I’ll start in the Kimberley in North West Australia – and a warning that you may hear the voices of deceased Indigenous persons.

In 2000, I went to Broome to interview Pat Dodson about his Irish—Aboriginal heritage. While there, I met an extrovert Aboriginal broadcaster called Mark Bin Barka, who told me I should interview his mother, as she’d been raised by Irish nuns. I had to break it to him gently that I’d left Ireland largely to get away from Irish nuns. But of course what he was really telling me was that his mother, Phyllis, was one of the Stolen Generations. Their voices were then rarely heard. Academics and politicians discussed the policy, and a Royal Commission had been held, but in public, we rarely heard the actual voices of those affected.
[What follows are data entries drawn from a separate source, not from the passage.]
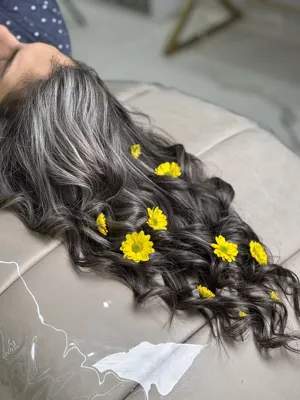 استفاده از بهترین برند ها ی رنگ و دکلره و جدیدترین تکنیک ها برای لاین تخصصی و محبوب رنگ و لایت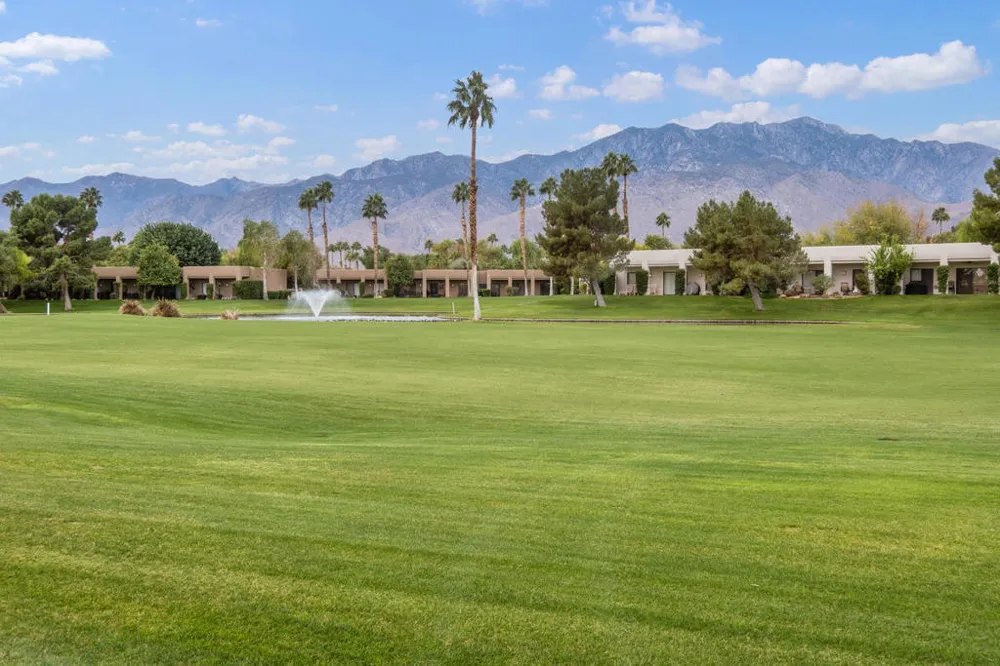 28827 Isleta Court Cathedral City, CA 92234
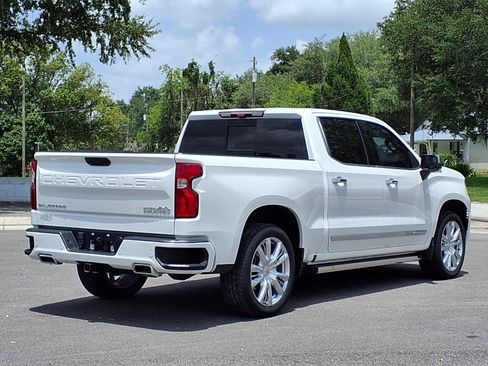 Certified 2023 Chevrolet Silverado 1500 High Country w/ Technology Package AWD/4WD image 4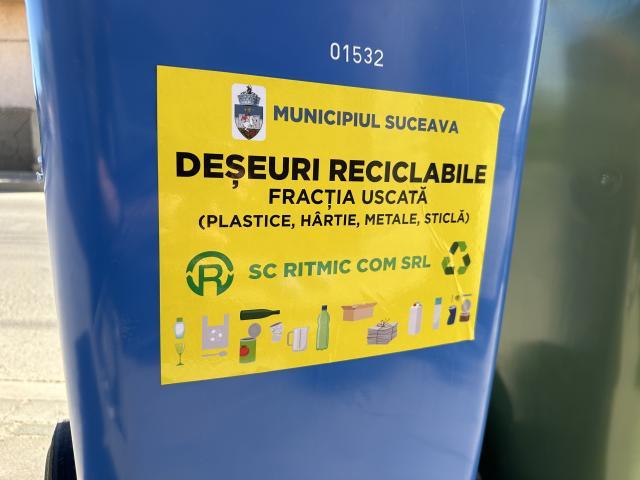 Distribuirea gratuită a noilor pubele de colectare pentru deșeurile menajere, la casele din municipiul Suceava, a început de miercuri, 22 mai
So here’s one, Daisy Howard, who was raised in Beagle Bay near Broome – though of course that wasn’t her Aboriginal birth name.

She’s talking here about her mixed feelings about what happened. And listen out for the little girl in the background – her grandchild, who to me is almost the embodiment of the toddler Daisy was when she was taken. The sound quality is far from perfect — there’s a man nearby fixing up Daisy’s house, because a cyclone had just ripped through Broome. The compromise was that he’d put away his power tools – hence the hammer. But sometimes you have to seize the moment rather than wait for the perfect acoustic and I think Daisy’s story comes through clearly. She starts by saying how her mother is lost to her.

1. AUDIO – DAISY

I can’t remember my mother…

… I cry too.

DUR: 1.53

It’s simple heartfelt emotion that audio captures so well. We’re not distracted by how someone looks – are they old or fat or ugly, black or white. We can focus on their essence – their voice, their tone, their words, even their breathing. Daisy has restraint and dignity, but there’s no hiding the sadness.

Her friend Phyllis has one memory of her mother. Phyllis was three when her mother took her to a hospital in Derby when she had a fever. The doctors passed her out the back door to the authorities, and she was raised by the same John of God nuns in Beagle Bay. When she was 17, she was working in a hospital when she was told she had a visitor. Neither woman would recognise the other.

2. AUDIO – PHYLLIS

It just happened…

… first and last I saw her.

Dur 0.28

Phyllis never saw her mother again. I think the palpable melancholic undertow in her voice tells us how she feels about that. But the story was complicated, because the women liked the nuns, and the nuns were fighting their own battles. Under the sexist dispensations of church hierarchy, the females for instance didn’t get to use the one mission vehicle – the nuns and the girls had to walk in the hot sun. I asked one nun, Sister Pat, an important question, and I think you’ll hear how she genuinely seems to struggle to understand her role.

3. AUDIO: Sister PAT

Did it ever occur to you…

… we didn’t question.

DUR: 0.31

I think audio opens up a space for connection that video precludes. If we were watching Sister Pat in a Catholic context – near a church or a crucifix – we’d subliminally form a judgement, pro or anti, according to our religious or political views. But just hearing that sigh she gives, to me makes it more complicated – she’s conflicted. It turns out those nuns were proto-feminists in some ways. They defied the government intention not to have ‘smart blacks’ and even taught them Shakespeare. Jimmy Chi, who wrote the musical Bran Nu Dae, was educated by them, and another pupil, a girl, got a scholarship to high school.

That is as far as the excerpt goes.